I’m known for being hard on women – in literature and in life – and I accept that charge. It’s true. Women frustrate me. But it occurs to me that the event I attended last night could easily have been titled “A Celebration of the Female Life Span,” or something similar, and I wouldn’t have gone within a mile of the place. But that’s what it was, when you think about it, and what really drove the point in was this: When Kate and I became friends in 1997, she had a one year-old. Last week, that one year-old graduated from high school. While we ate dinner before the presentation, we talked about his graduation, about all the drama and struggle involved in being the parent of a young adult. Then I told Kate what was up with me, about the fellowship and Ph.D programs I plan to apply for this fall, and then I said, “And if I get in, I’m going to celebrate by getting pregnant.” This was not an impulsive statement – it’s been part of my plan for a while – but it was the first time I’ve said it out loud, and the combination of my own plans, of Kate’s son’s graduation, and the Steinemfest nature of Gabaldon’s audience struck me as almost beautiful – the way women’s life spans have stretched and expanded over the last fifty years as if made of silly putty, and everything that comes with these changes: freedom of choice and uncertainty and anxiety and the long nights and days spent wondering if we are doing things the right way. Because Gabaldon’s novels place the same woman in two different centuries, and because ultimately Claire manages to gracefully embrace the realities of a woman’s role in both centuries, these novels may be first and foremost about what it means to embrace both the freedom of choice and the received wisdom of tradition and authority. These novels are not literary art by any means, but they matter.

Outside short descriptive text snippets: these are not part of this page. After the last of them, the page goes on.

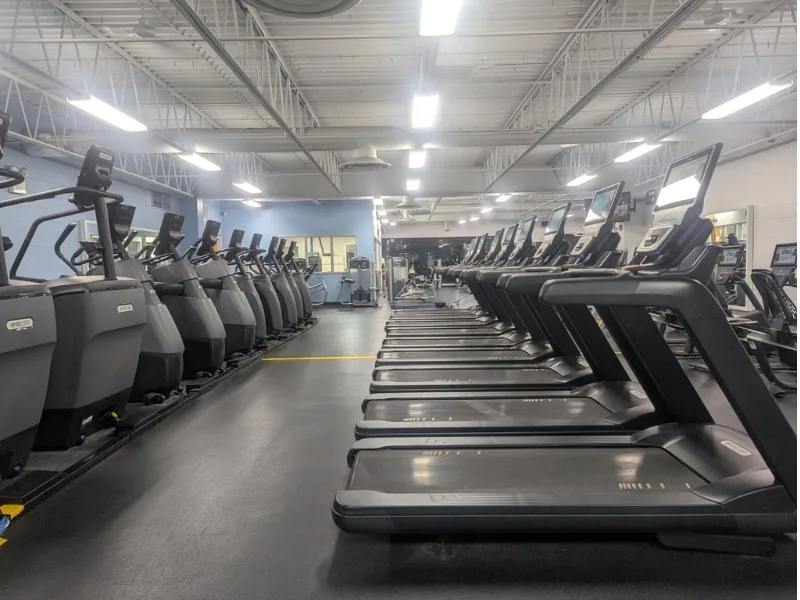 Cardio equipment at Boyertown Y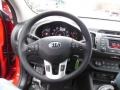Black 2013 Kia Sportage LX Steering Wheel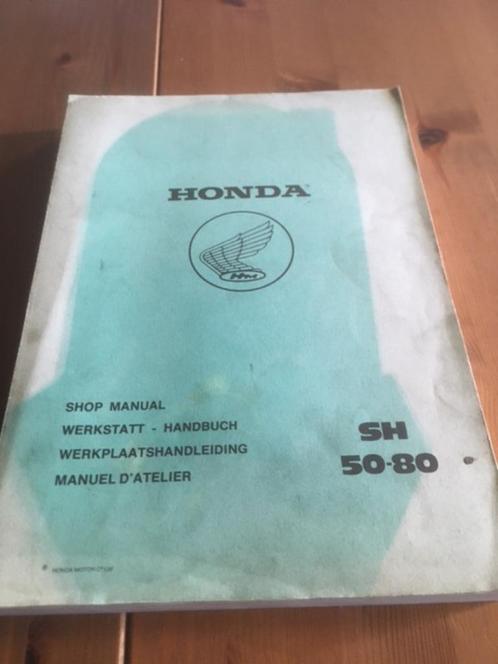 Honda Scoopy SH50-80 werkplaatshandleiding eerste model, Fietsen en Brommers, Handleidingen en Instructieboekjes, Gebruikt, Ophalen of Verzenden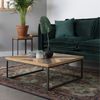 WHITE LABEL LIVING Joy Couchtisch Quadratisch mit verzierter Tischplatte Bild 2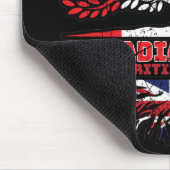 Uk United Kingdom British Canadian Canada Tree Mousepad (Ecke)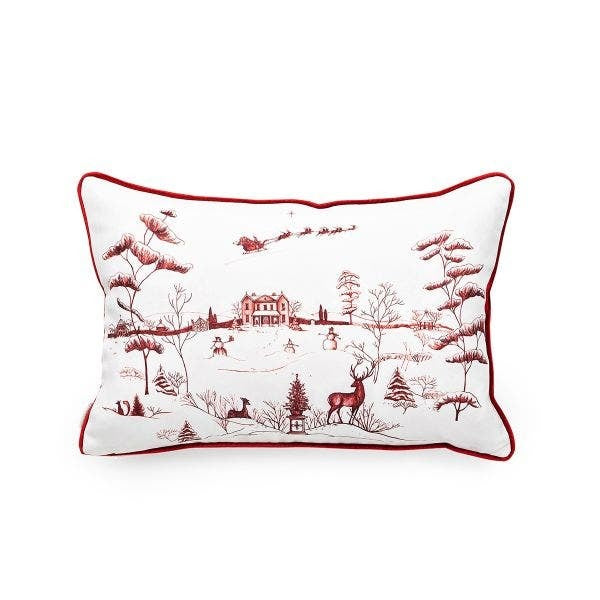 Country Estate Winter Frolic Ruby 12x18 Pillow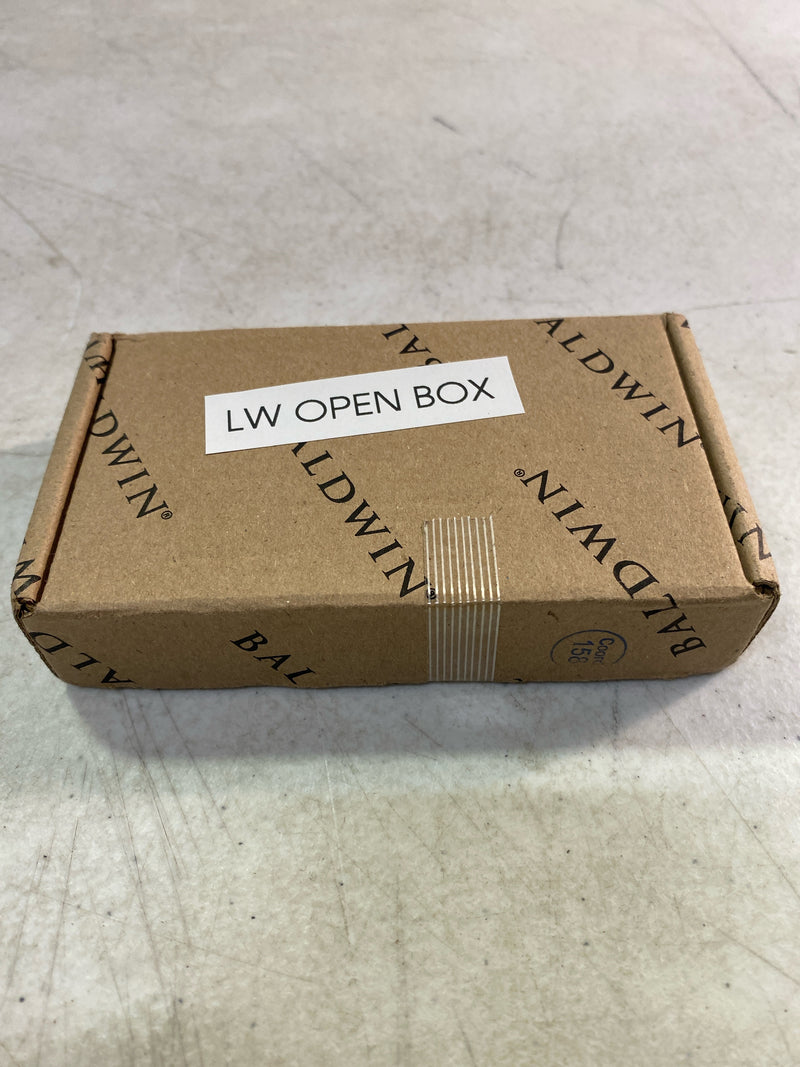 Baldwin 1030055I Square Mortise Hinge, Bright Nickel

When Gabaldon’s talk ended, it was about 8:45 pm. It was still mostly light out, and I remembered that the summer solstice is just a little over a week away. The campus was tranquil – students gone home, offices shut up, silent except for the hum of sprinklers. Kate and I hugged, said goodbye, made some tentative plans to get together again soon, and headed in opposite directions to our cars. I tucked my car key in my right hand, its etched end protruding between my first and second fingers, the way you do when you’re a woman and you’re walking in a deserted place, and drove home through the eerie and unexpected light.